Stephan Hagenow: Sie haben eine langjährige Erfahrung als Psychiater in ganz verschiedenen Kontexten. Wie häufig kommen religiöse Fragen in der Praxis vor?
Daniel Hell: Das ist unterschiedlich und hängt von den Patienten, aber auch von den Psychiatern ab. So suchen religiöse Menschen häufiger Psychiater auf, von denen sie annehmen, dass ihre religiöse Überzeugung verstanden wird. Oder sie bringen in Therapiesituationen ihre religiöse Überzeugung nicht zur Sprache, weil sie fürchten, missverstanden zu werden. So sagte eine Patientin letzthin zu mir: Sie habe in Therapien ihre Religiosität ausgeklammert, weil ein Missverstehen in diesem für sie zentralen Punkt die Beziehung zum Therapeuten gefährdet hätte. Für viele andere ist Religion kein Thema. In den USA gehören Fragen zur Religiosität zur psychiatrischen Befunderhebung. In Mitteleuropa wird eine religiöse oder spirituelle Anamnese dagegen seltener erhoben. Darin drückt sich auch die kulturell geprägte Zurückhaltung vieler Psychiater gegenüber religiösen Fragen aus.
Es gibt die statistische Analyse, dass der christliche Glaube mit einer geringeren Depressionshäufigkeit einhergeht. Warum?
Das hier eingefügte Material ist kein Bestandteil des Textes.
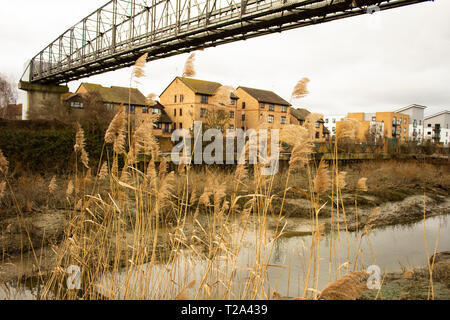 Fluss Darent in Dartford Stockfoto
Um den Einfluss von Religiosität auf das Depressionsrisiko zu untersuchen, wurden mittlerweile sehr viele Studien durchgeführt. Dabei fanden sich mindestens drei Wirkfaktoren, die in unterschiedlichem Ausmass zur statistisch geringeren Depressionsrate religiöser Menschen beitragen: zunächst ein sozialer Faktor, nämlich die zwischenmenschliche Unterstützung in Kirchgemeinden, dann eine intrinsische Wirkkomponente, nämlich Gottvertrauen im Sinne einer sicheren Bindung an Gott und damit zusammenhängend ein sogenanntes religiöses Coping, womit ein günstiger Umgang mit depressiven Symptomen gemeint ist. Besonders hilfreich ist ein kooperatives religiöses
Coping, nämlich die Überzeugung, dass Gott die eigenen Bewältigungsversuche unterstützt. Zu den am meist geübten und am besten untersuchten religiösen Umgangsweisen mit Depressivität gehört das Gebet.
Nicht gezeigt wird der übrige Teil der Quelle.